Right now its totally blank only OS installed. My previous WD HD crashed.


----------



## confused (Apr 17, 2008)

life31 said:


> .......My previous WD HD crashed.


how many years did it run???
my 1st 20gb seagate lasted only 3&half years.....
2nd 80gb seagate is also 3&half years old ...........


----------



## life31 (Apr 17, 2008)

Ya mine too..
It was oct 2004 40gb. And WD has only 3yrs warrenty.

So descided to go for seagate.


----------



## praka123 (Apr 17, 2008)

around 15-20GB


----------



## aadipa (Apr 17, 2008)

40 GB - OS Home Drive
25 GB Work
70 GB Junk
10 GB Backup
2 GB SWAP (Size of RAM or Min 2GB)

I prefer installing apps in System partition so C is bigger. It will also keep your hibernate file, so a file as big as your RAM is also created there.
For work, if you are not into image/video/sound editing, 25 GB is much more than enough.
10 GB Backup will include a drive image after clean OS install + drivers + basic software. And it will have installers for most commonly used apps (I keep updating installers as and when new version comes).
Page file must be on a dedicated partition so that fragmentation will be reduced. I prefer to keep it same as my RAM and of fixed size (min and max value is set as same).
Rest all I can keep as JUNK/Songs/Videos/ISOs.. etc
If you use torrents/download manager a lot, then to reduce file fragmentation you can make a small partition to hold files while they are downloaded.
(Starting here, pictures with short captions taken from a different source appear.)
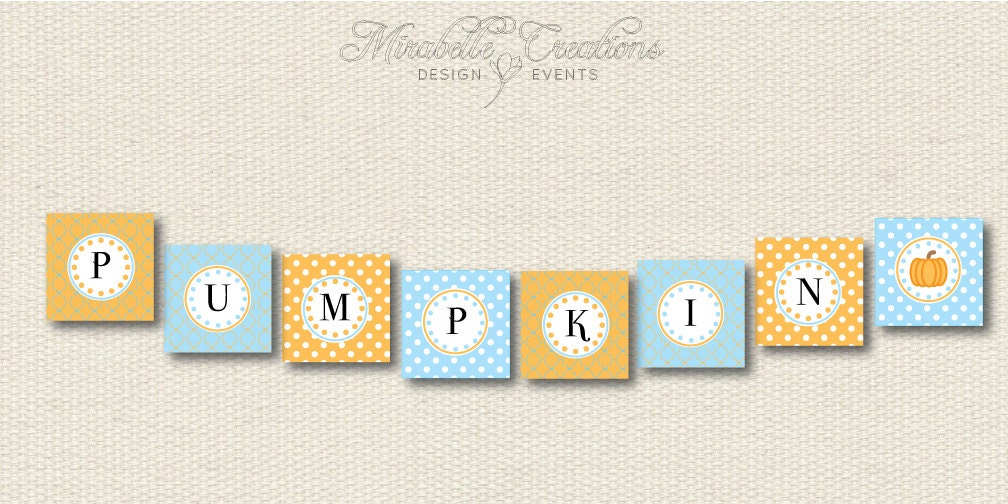 PRINTABLE PARTY BANNER -- Lil Pumpkin Collection -- Mirabelle Creations Il_570xn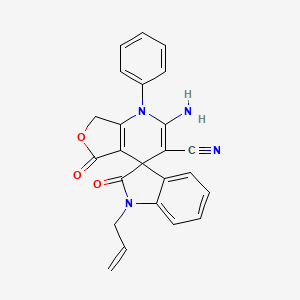 molecular formula C24H18N4O3 B4321282 1'-allyl-2-amino-2',5-dioxo-1-phenyl-1',2',5,7-tetrahydro-1H-spiro[furo[3,4-b]pyridine-4,3'-indole]-3-carbonitrile 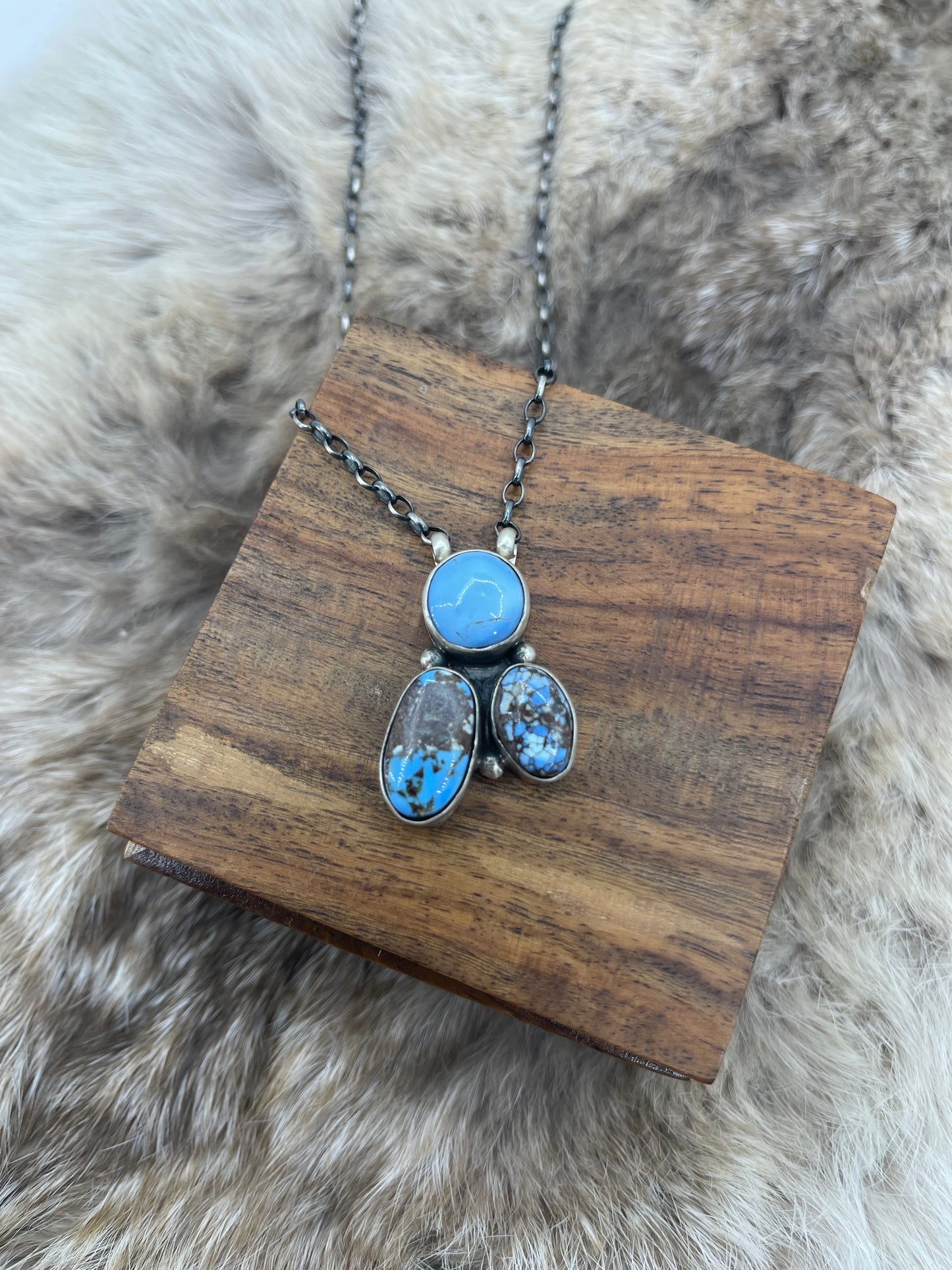 16" 3 Stone Golden Hills Turquoise Necklace by Augustine Largo, Navajo
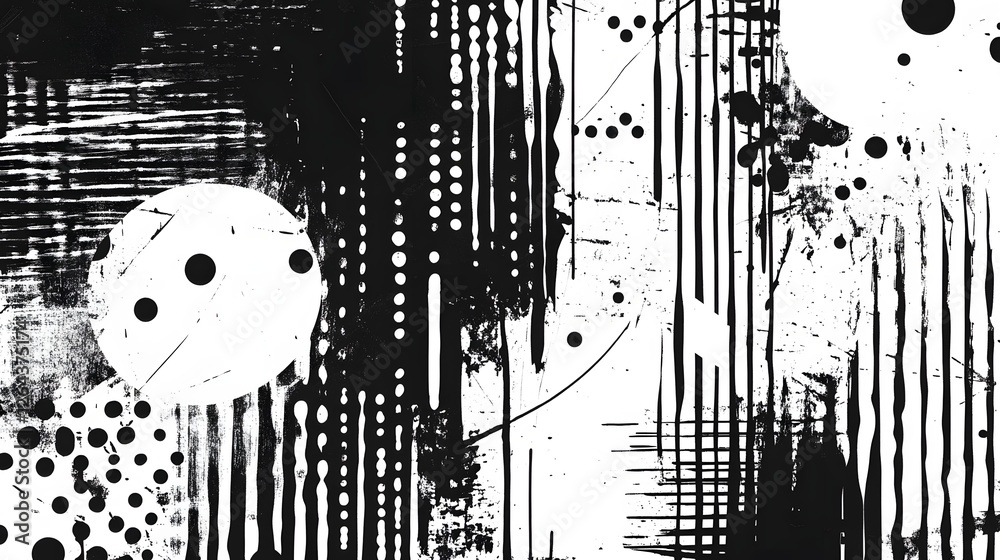 Aufkleber mesmerizing abstract geometric patterns and textural elements in striking monochrome tones creating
After completion move them to JUNK partition.


----------



## alok4best (Apr 19, 2008)

it depends on ur preference.
No hard and fast rule
Mine goes like this.
C drive: the OS drive- 30 GB.
D: for movies: 35GB.
E: For Music Vids: 30GB
F:Songs:20GB
G:Softwares and Misc: 20GB
H: Downloads(for torrent and other download stuff)- 14GB
Total 149GB,
rest 11GB rests with GOD


----------



## life31 (Apr 19, 2008)

alok4best said:


> it depends on ur preference.
> No hard and fast rule
> Mine goes like this.
> C drive: the OS drive- 30 GB.
> ...


 

But practically i dont think there is total 160gb space which you can partition or manage.
As said by others its around 148gb and mine i think was areound 138gb


----------



## confused (Apr 19, 2008)

life31 said:


> and mine i think was areound 138gb


so less??  kya ho raha hai??


----------



## life31 (Apr 19, 2008)

Yes thats true dude 

Does it matter if its SATA or IDE???? Cos mine is IDE i mean PATA


----------



## xbonez (Apr 19, 2008)

don't have a 160 gb HDD (i have a 250), but if i did, it wud be 40x4


----------



## confused (Apr 19, 2008)

life31 said:


> Yes thats true dude
> 
> Does it matter if its SATA or IDE???? Cos mine is IDE i mean PATA


AFAIK it doesnt matter on interface .........
but there is a limit for each mobo i think........


----------



## life31 (Apr 19, 2008)

Mobo ???  Lol confused .... I mean i am confused 

How does it depend on mobo????


----------



## napster007 (Apr 19, 2008)

it totally depends upon ur needs and the kind of data you have. No one can tell you how to partition ur HDD. it has to be based on your needs.


----------



## life31 (Apr 19, 2008)

napster007 said:


> it totally depends upon ur needs and the kind of data you have. No one can tell you how to partition ur HDD. it has to be based on your needs.


 
Rightly said dude. But was thinking about the minimum file alocated space.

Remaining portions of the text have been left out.